J.A. : Comment peut‑on aujourd’hui réduire les coûts de distribution ?

N.M. : Je pense que l’une des pistes repose sur la technologie, c’est‑à‑dire être capable d’utiliser de nouveaux outils qui permettent de réaliser des gains de produc­tivité, avec la révolution techno­logique de l’intelligence artifi­cielle. Il existe de nombreuses opportunités pour se réinven­ter, pour gagner en efficacité et en performance. Aujourd’hui, cela n’a pas encore été pleinement exploré dans le monde de la distribution automobile. Pourtant, il pourrait y avoir de réels gains d’efficacité notamment dans les tâches admi­nistratives. Enfin, je pense qu’une partie des investissements né­cessaires pourraient être pris en charge par les constructeurs automobiles qui ont un rôle crucial à jouer dans cette transition.

 

J.A. : Les conditions de marché dans lesquelles a été élaborée la straté­gie de contrat d’agent ne sont plus celles d’aujourd’hui. Les taux d’in­térêt se sont envolés et le traite­ment du client n’est pas maîtrisé. Ce modèle est‑il voué à l’échec ?

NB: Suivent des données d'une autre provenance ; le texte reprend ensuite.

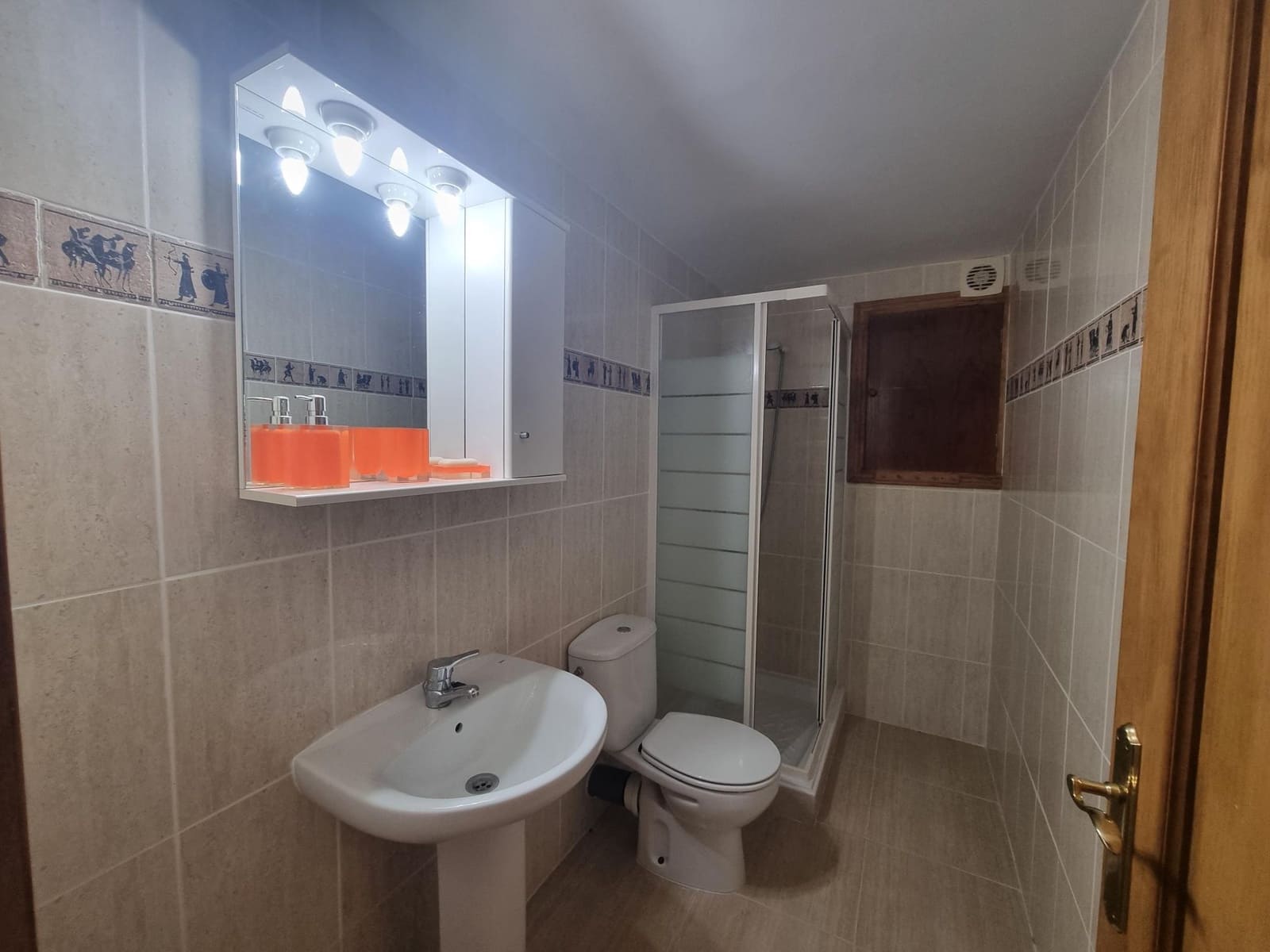 4 soveværelse Villa til salg i El Perello med swimmingpool garage - € 347.000 (Ref: 10062740)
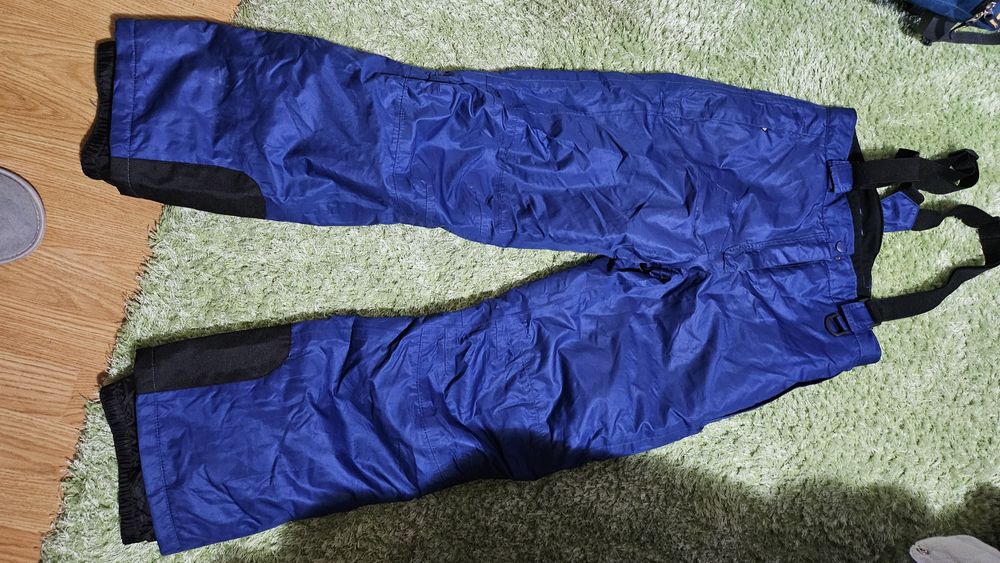 Vand pantaloni de ski cppii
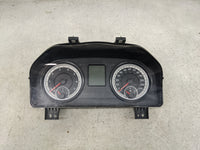 2017 Ram 1500 Instrument Cluster Speedometer Gauges P/N:P68302585AC A2C99496800, A2C39559002, 68006345211066 Miles:68K Fits 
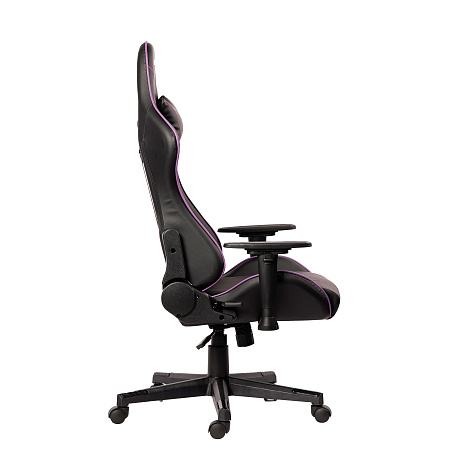 Helmet Gaming Chair CH-502, Purple Helmet Gaming Chair CH-502, Purple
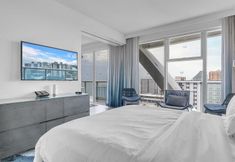 Others 5 Lux Two BR Suite at W Fort Lauderdale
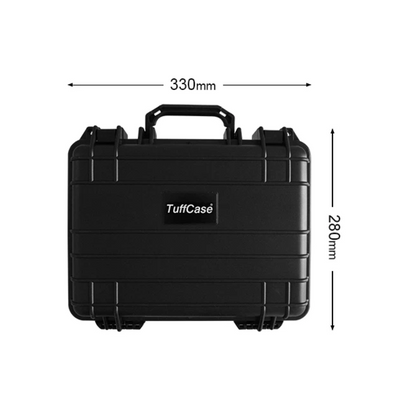 Tuffcase T-300 (Black)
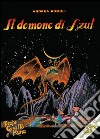Il demone di Azul libro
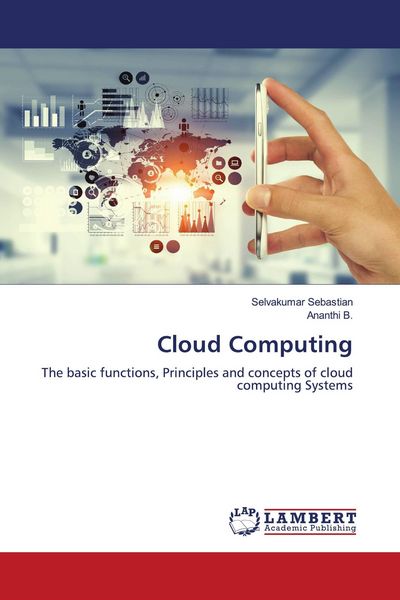 Produktbild: Cloud Computing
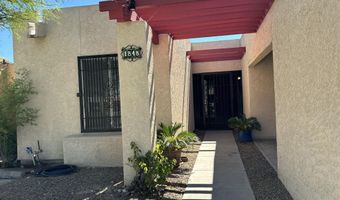 1848 N Frances Blvd, Tucson, AZ 85712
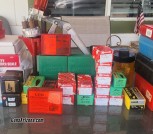 Bullets/Reloading Press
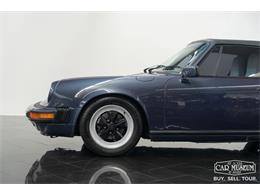 1986 Porsche 911 Carrera (CC-2097529) for sale in St. Louis, Missouri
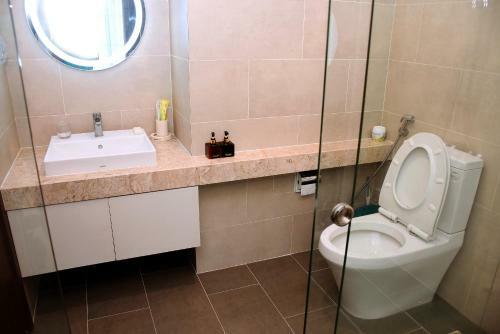 Apartamento Sea Homestay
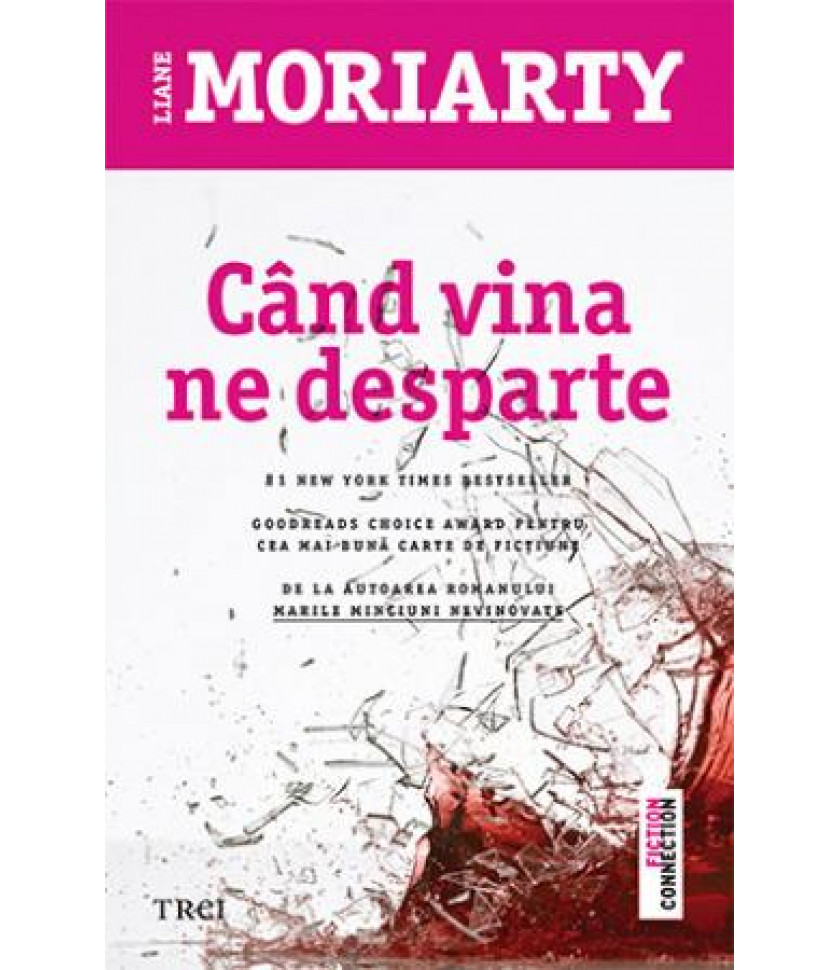 Când vina ne desparte Când vina ne desparte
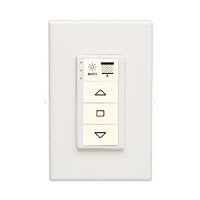 4 Button Keypad
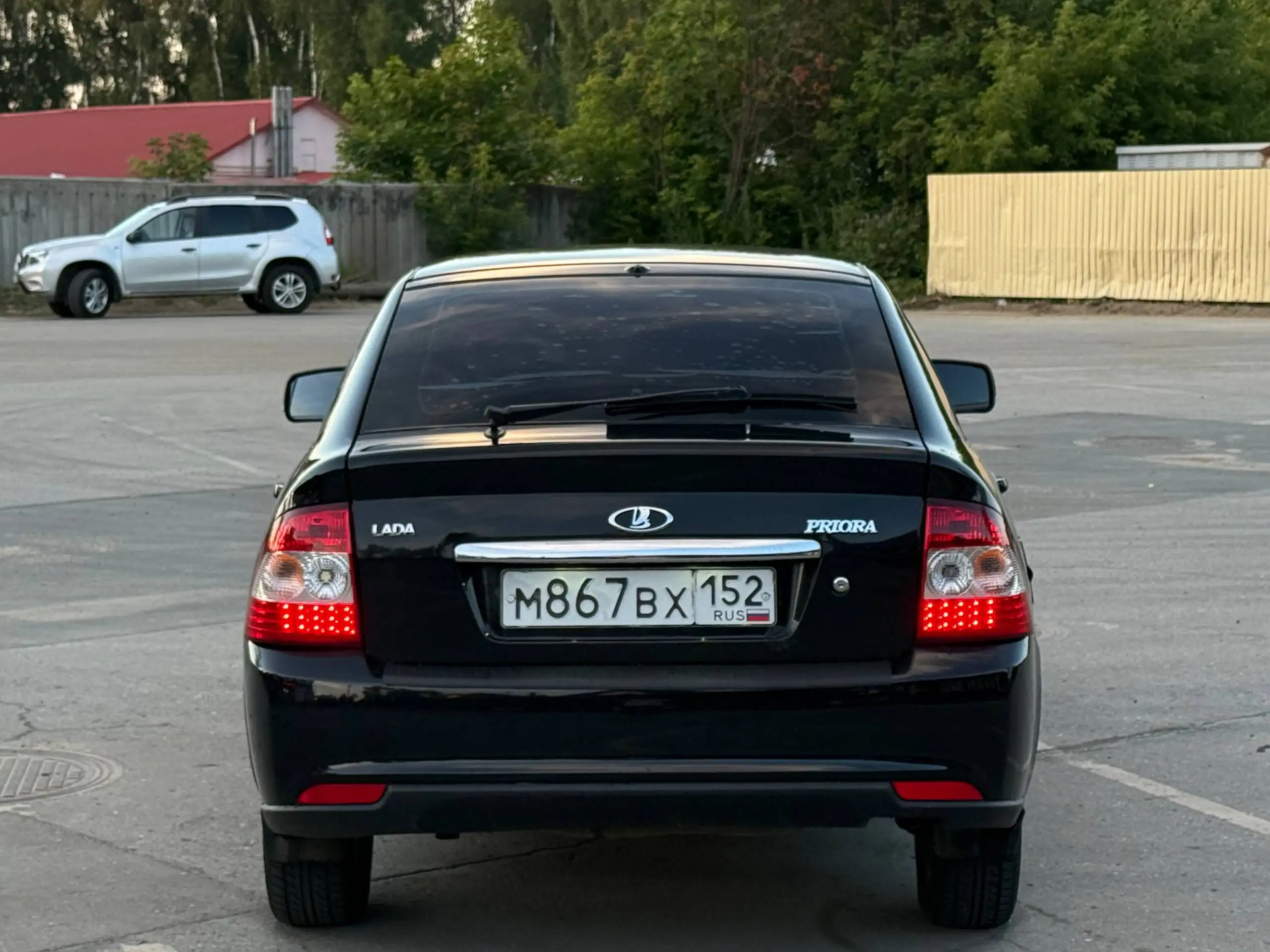 Продам Ладу Приору 2009 года - Легковые автомобили (Авто) в Нижний Новгород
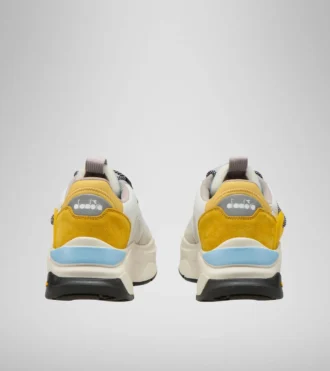 Terrena Nylon Sportschuh – Unisex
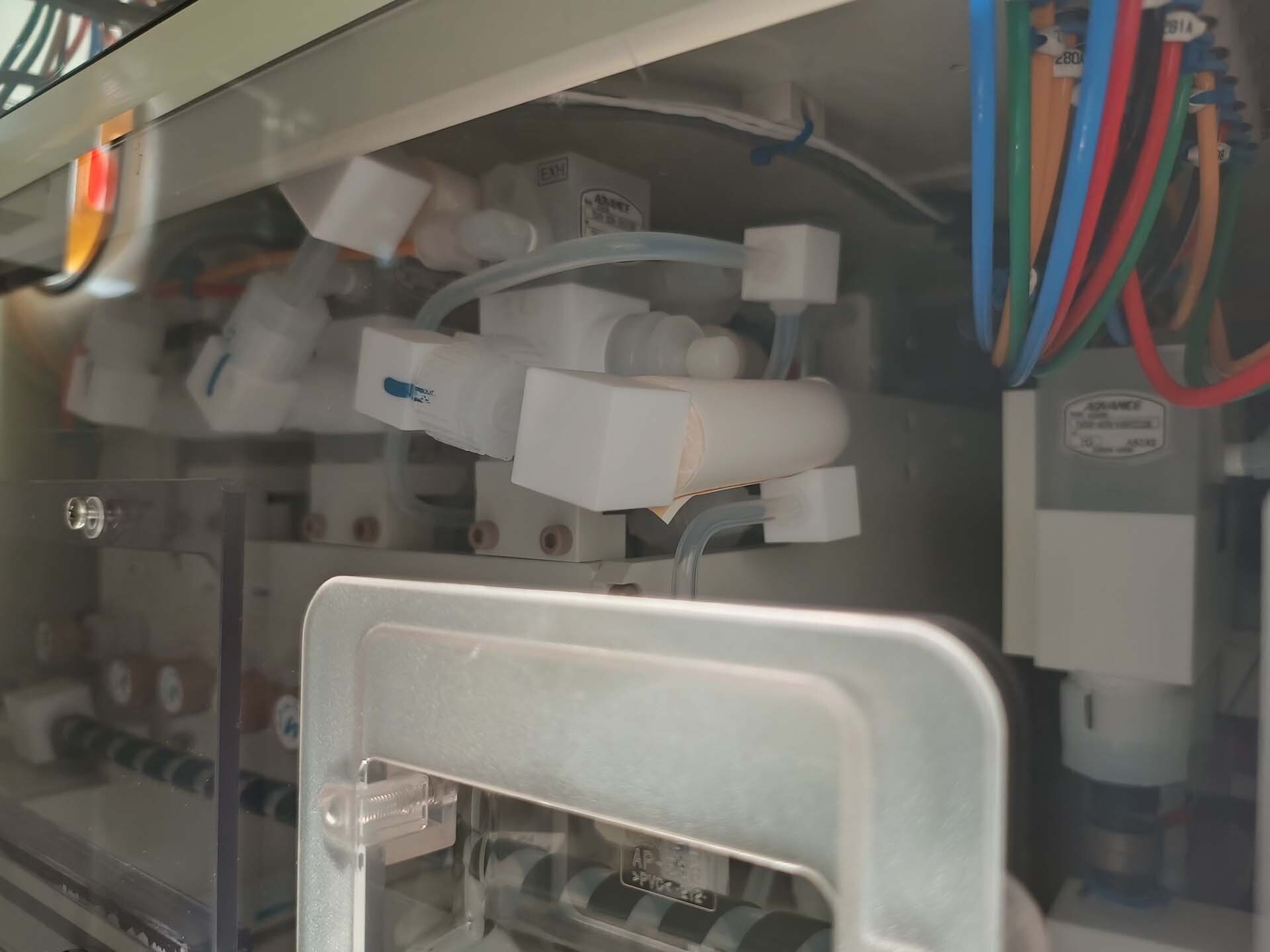Foto Verwendet TEL / TOKYO ELECTRON Cellesta+ Zum Verkauf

N.M. : La remise en cause du mo­dèle d’agent est multifactorielle. Se­lon moi, la hausse des taux d’intérêt en est une cause même si d’autres facteurs contribuent à cette désaffec­tion. Le modèle d’agent avait pour objectif de répondre à un besoin structurel de l’industrie pour réduire les coûts de distribution, maîtriser les prix et gérer l’expérience client de manière plus intégrée, tout en envi­sageant une transition vers la vente en ligne. Il visait aussi à contrôler les volumes dans un cadre réglemen­taire strict. Cependant, sa mise en place s’est révélée plus complexe que prévu. Il demande une refonte totale de la manière dont les constructeurs organisent leur supply chain et leur gestion commerciale. En réalité, ces entreprises ne sont pas habi­tuées à vendre directement à des consommateurs finaux. Elles n’ont ni les processus, ni la plateforme technique, ni l’infrastructure infor­matique pour répondre à ces défis. Elles ont sous‑estimé l’ampleur de ce travail. C’est un changement organi­sationnel bien plus profond que ce qui était anticipé. Et aujourd’hui, si l’on regarde les premiers pilotes réalisés par certaines marques, c’est un constat d’échec.

 

J.A. : Les ventes de véhicules électriques qui s’affaissent peuvent‑elles accé­lérer la fin de ce changement de modèle ?

N.M. : Le marché de l’électrique subit un coup d’arrêt, c’est vrai. Mais nous savions que le chemin ne serait pas linéaire. Le calendrier à marche forcée de la régulation européenne reste très ambitieux et tous les constructeurs européens ont investi beaucoup d’argent dans l’électrique. Et ils continuent de le faire pour rendre ces véhicules plus accessibles. Je pense que la progression va se poursuivre dans les prochaines années.

 

J.A. : Que peut changer l’arrivée des constructeurs chinois face aux acteurs traditionnels ?

N.M. : Quand Tesla a surgi, ce constructeur a décidé d’imposer son modèle à grande échelle. Mais les marques chinoises arrivent avec le vent de face en termes de réputation. Les circonstances sont très différentes. Ce qui est certain, c’est que les constructeurs chinois dé­barquent sur le marché européen avec une approche très pragmatique basée sur le modèle traditionnel, à savoir nouer des partenariats avec des distributeurs qui peuvent leur apporter ce qu’ils n’ont pas au­jourd’hui : la notoriété de la marque et des modèles.

 

J.A. : À quel niveau estimez‑vous leur part de marché en 2030 ?

N.M. : C’est difficile à prévoir car nous ne maîtrisons pas toutes les variables telles que les barrières douanières. Mais dans un mar­ché ouvert tel qu’on le connaît aujourd’hui, il ne serait pas sur­prenant de voir les constructeurs chinois atteindre entre 8 et 10 %, voire 15 % de part de marché à l’horizon 2035. Ne serait‑ce que parce qu’ils ont pris une certaine avance sur les véhicules électriques de petite taille qui représentent une part importante du marché en Europe de l’Ouest.